I know what the answer is, here in London. We all have to get on and stay on our bikes. Not just in the summer months or during a tube strike, but until bikes are built into the consciousness of everyone on the road, not just the lycra clad. But I’m not sure I’m prepared to be quite out there at the bleeding edge just yet. Maybe when it’s lighter again, maybe when it isn’t raining all the bloody time, maybe if I move to Copenhagen. But for now I’m sticking to the back roads and the short route and the trains. I feel as though I’ve somehow failed. But I also feel relieved to be alive.
… Brought to you courtesy of the driver of the white van who answered the question, ‘I wonder what I’ll blog about today?’ with ‘why not blog about how a white van driver tried to kill you on the Queenstown Road roundabout? Again.’
The problem (apart from the nearly being killed part) is it’s almost as tedious to write about badly driven white vans than it is to write about cancelled trains. I mean, stop me if you’ve heard this one before: I’m cycling on the roundabout, in the correct lane to be turning left at the next exit. The white van is waiting to pull onto the roundabout, except, no, he isn’t waiting, he’s just pulling onto the roundabout on the exact bit of road that I’m currently cycling on, leaving me with the choice of meekly falling under his wheels, pulling out to the right and ending up in the wrong lane, or accelerating madly to get in front of him while giving him the benefit of my extensive unladylike vocabulary*.
I really don’t understand this. Unless his objective was simply to pick off all the cyclists of London one by one, all he achieved by this was to have a pissed off cyclist in front of him instead of just an ordinary one. I make a big effort to ensure I’m visible at night on my bike what with the lights and the scary jacket and everything. But I’m beginning to think the hi-vis gear is a mistake. It’s simply giving the buggers something to aim at.
*Guess which one I chose?
After a while, cycling in London, you get a bit of a sixth sense about what some drivers will do next. For instance, the other day as I was crossing Lambeth Bridge on my way home, cycling up the tiny little bike lane they’ve put in there, to get to the head of the traffic queue. Right at the front was a coach and, while it wasn’t actually indicating left, something made me hang back a little and wait next to a relatively safe taxi instead (taxi drivers, love them or loathe them, can generally be relied on to at least see the cyclist. Whether they like what they see is another matter). Sure enough the coach turned left right across the spot on the road where I would have been and I cycled on, feeling a little smug at my foresight.
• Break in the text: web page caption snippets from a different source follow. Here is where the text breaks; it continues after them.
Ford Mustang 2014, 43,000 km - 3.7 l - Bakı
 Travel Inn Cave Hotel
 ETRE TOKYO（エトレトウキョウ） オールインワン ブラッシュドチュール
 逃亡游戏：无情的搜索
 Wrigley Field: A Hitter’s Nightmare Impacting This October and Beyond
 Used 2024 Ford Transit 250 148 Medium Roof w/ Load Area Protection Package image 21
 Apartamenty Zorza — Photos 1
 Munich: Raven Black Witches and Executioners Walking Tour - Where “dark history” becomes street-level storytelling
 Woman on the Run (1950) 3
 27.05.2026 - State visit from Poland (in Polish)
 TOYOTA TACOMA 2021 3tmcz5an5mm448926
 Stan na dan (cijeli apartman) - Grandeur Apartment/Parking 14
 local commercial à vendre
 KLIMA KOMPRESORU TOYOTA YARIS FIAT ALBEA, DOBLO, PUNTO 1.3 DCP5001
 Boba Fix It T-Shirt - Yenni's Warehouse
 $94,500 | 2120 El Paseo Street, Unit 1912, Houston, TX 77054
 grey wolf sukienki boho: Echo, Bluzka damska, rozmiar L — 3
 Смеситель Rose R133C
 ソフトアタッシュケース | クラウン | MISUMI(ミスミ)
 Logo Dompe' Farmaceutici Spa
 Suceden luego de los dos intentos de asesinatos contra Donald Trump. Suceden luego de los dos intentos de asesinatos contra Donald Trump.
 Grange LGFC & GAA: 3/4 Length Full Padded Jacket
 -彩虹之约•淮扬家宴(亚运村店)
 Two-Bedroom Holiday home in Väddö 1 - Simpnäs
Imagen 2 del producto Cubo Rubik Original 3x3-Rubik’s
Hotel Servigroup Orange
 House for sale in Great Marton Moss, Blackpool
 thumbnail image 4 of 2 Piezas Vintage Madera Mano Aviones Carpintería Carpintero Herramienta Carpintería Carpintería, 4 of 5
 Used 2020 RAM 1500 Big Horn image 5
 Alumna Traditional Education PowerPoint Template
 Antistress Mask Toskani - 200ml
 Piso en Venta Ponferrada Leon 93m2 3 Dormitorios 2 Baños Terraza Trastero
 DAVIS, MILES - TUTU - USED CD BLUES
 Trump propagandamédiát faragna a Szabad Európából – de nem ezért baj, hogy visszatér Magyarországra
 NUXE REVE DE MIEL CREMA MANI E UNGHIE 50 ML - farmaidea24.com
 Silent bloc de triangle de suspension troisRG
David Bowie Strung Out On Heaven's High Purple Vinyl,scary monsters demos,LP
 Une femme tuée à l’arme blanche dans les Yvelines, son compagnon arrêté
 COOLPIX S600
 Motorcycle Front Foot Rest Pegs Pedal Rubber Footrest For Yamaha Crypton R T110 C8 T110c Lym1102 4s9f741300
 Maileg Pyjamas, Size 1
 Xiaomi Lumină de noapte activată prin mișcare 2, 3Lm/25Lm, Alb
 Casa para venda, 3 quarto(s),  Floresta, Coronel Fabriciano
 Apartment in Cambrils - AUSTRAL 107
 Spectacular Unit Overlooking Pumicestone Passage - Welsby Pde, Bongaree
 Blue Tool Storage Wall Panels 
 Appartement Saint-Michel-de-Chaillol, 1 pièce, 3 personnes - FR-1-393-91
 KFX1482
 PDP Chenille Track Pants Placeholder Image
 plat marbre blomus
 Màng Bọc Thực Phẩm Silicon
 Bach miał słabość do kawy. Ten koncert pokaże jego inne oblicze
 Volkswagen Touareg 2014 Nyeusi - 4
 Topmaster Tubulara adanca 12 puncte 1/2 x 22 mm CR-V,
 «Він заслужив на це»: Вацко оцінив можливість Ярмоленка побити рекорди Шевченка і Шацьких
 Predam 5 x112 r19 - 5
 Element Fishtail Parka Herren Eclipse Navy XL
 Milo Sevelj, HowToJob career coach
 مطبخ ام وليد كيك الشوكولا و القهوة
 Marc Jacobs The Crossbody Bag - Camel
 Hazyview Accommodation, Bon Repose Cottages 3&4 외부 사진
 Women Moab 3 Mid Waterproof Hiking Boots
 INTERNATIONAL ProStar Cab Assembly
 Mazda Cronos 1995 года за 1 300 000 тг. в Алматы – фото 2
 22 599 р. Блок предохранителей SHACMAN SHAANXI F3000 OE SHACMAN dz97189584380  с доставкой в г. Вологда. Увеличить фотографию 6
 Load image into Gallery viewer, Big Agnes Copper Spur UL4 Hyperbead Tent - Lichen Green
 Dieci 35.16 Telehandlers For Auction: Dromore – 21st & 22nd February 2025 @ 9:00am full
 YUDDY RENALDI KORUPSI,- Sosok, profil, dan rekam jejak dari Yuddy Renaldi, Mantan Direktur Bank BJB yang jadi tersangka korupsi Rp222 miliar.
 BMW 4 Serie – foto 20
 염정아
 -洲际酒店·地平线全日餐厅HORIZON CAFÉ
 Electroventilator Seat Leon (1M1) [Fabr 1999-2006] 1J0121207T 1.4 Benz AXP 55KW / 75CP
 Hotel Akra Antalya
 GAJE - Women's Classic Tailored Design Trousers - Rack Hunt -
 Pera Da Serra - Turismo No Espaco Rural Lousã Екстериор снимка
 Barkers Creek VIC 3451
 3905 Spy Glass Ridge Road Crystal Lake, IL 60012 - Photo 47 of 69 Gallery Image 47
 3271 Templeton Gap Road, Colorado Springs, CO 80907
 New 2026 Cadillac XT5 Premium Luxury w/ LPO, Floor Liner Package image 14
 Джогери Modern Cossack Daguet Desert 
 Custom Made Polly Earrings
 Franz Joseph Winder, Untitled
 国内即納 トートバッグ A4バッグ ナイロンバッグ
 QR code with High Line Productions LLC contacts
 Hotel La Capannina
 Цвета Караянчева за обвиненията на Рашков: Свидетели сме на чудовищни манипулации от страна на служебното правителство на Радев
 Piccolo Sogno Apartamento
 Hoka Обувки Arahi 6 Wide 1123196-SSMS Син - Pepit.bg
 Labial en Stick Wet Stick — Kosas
For about three seconds. Because, of course, what happened next was a car decided to turn left right across me from the inside lane of the roundabout forcing me to slam on my brakes and question out loud the morality of the drivers’s parents. And this evening, on the same spot, a motorbike came from my left, onto the roundabout, cut slowly in front of me and crossed all the way across to the right hand lane without indicating or even turning their head. The problem is, it’s not just a sixth sense you need out there in London traffic, it’s a seventh or eighth. Either that, or some bloody good brakes.